As I navigated through Read Until You Understand, I saw how Griffin was immersed in the Black radical reading tradition, imprinted by her father, her mother, and the intergenerational community who instilled in her the will to find inspiration on the page. She explores familiar themes such as the Great Migration, Jim Crow, and the Civil Rights Movement, but these events, and her scholarship, are not a bookend to US history’s relic but how reading helped her through grief. Speaking on the death of father during her childhood, Griffin asks: How do we recover from grief through reading? She looks to authors like Haitian-America writer Edwidge Danticat, who in The Art of Death, who proclaims, “death is not the end.”
For me, Read Until You Understand carries a torch for the Black working class who find beauty in the hair salon, in each other’s houses, at the dance hall. The book’s strength comes from its bibliography as much as it comes from the voice, especially when Griffin exalts the greats from James Baldwin to Lorraine Hansberry. At times, she weaves through their didactic syntax, which can feel heavy, but at other times, the eye drifts across poetic rifts and raw prose. The book is most poignant when the author brings us to her family and is enlivened by her love for Black people.
The text is an invitation to dive into the expansive world of Black literature. She is drawing from Richard Wright’s Native Son, Ernest Gaines’s A Lesson before Dying, and Tayari Jones’s An American Marriage—monographs that on the surface unveil “the ultimate crime is to be have been born Black in America.” Of course, we should ask: who considers this to be a crime? Griffin’s cases are diverse and compelling, a tacit mandate that we should all be doing more reading. Moving away from circumscription, Griffin gives us space to transport ourselves from Black literature to her memoir. She notes:
As a form, the novel can raise questions about the possibilities and goals of justice. It allows us to imagine what a society governed by an ethic of care, a society devoted to restoring and repairing those who have been harmed, giving them the space for transformation, might look like.

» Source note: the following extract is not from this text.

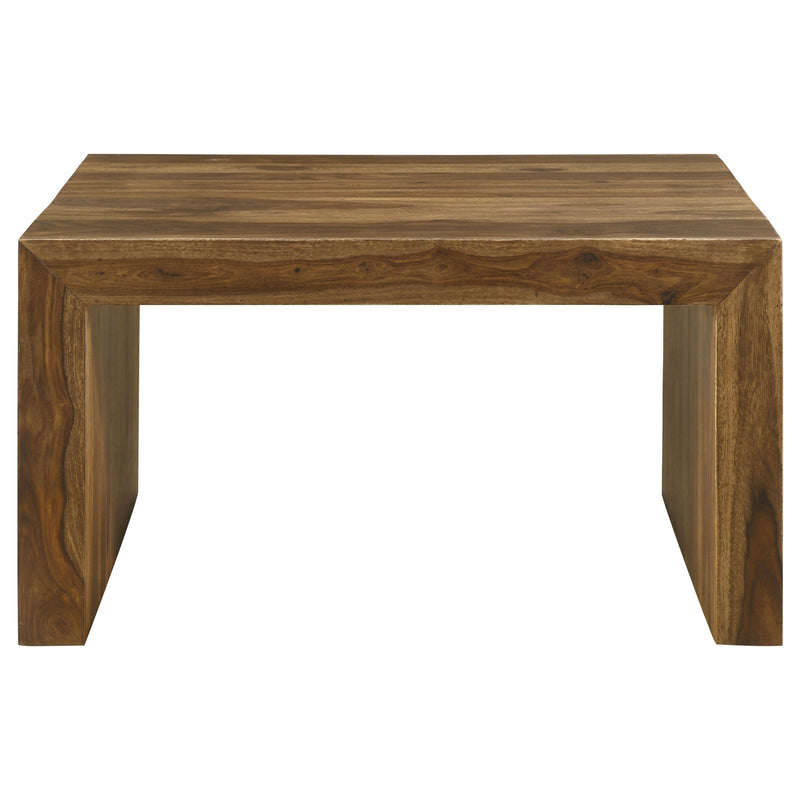 Odilia Solid Wood Coffee and End Table Set Auburn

The pervasive and invasive practice of forced sterilization could be found in such novels as Toni Morrison’s Home, but community repair, the healing of emotional scars, according to Griffin, was fund in the community of women who provided for each other, and who in real life, could shift the language of reproductive rights. Indeed, one of the benefits of being African American might be the license to feel in community. Pushing the boundaries of memoir and tradition, she also notes that writers such as Toni Morrison "never turns away from the harsh realities of Black life." I agree. In a way, we must face the pain and the glory so that we have a chance to greet the sublime. Griffin is trying to answer large questions about what it means to be Black in America. bringing us to a chapter on grace which notes:
Even under slavery and the conditions of captivity that follow its formal end, the human longs for beauty and seeks grace. For Black people, grace most often manifests in momentary bits of freedom for which we still struggle.

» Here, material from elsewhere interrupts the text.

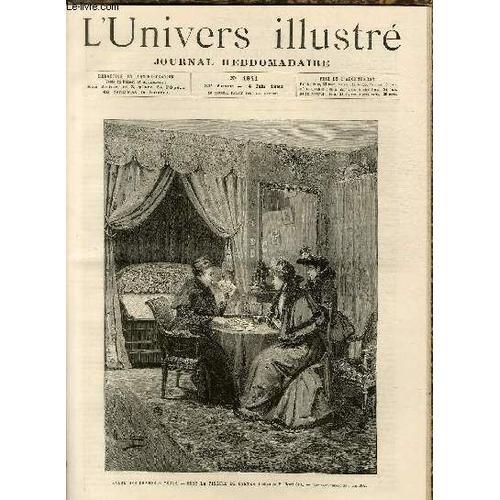 L'univers Illustre- Trente Cinquieme Annee N° 1941salon Des Champs-... on Productcaster.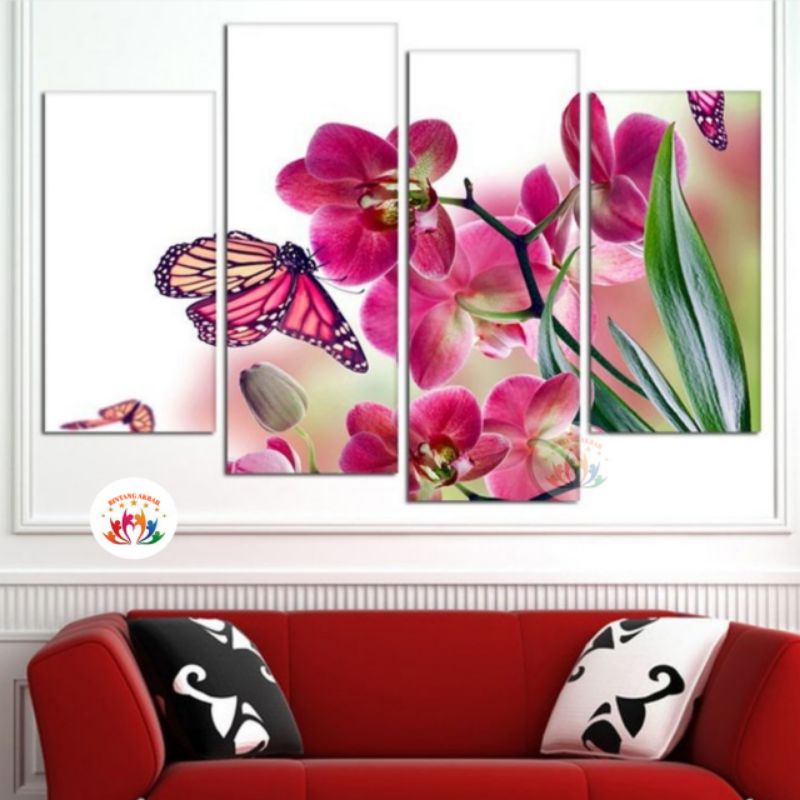 wall decor hiasan dinding jumbo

In a way, she makes a case for Black endurance, but more importantly, our perennial quest for emancipation. The timbre of Griffin’s work is interlaced with grief and joy, unburdened by trauma, but the necessity for engaging in a robust re-reading. The bold and the propitious (re)read.
Reading List
The long journey to Black freedom is part of a literary tradition where we acknowledge our living and dead ancestors, while also fashioning our story as we want it. These are some (family) memoirs that speak to the ways we actively express ourselves. The Black memoir is lit and this list is not exhaustive but fresh on my mind.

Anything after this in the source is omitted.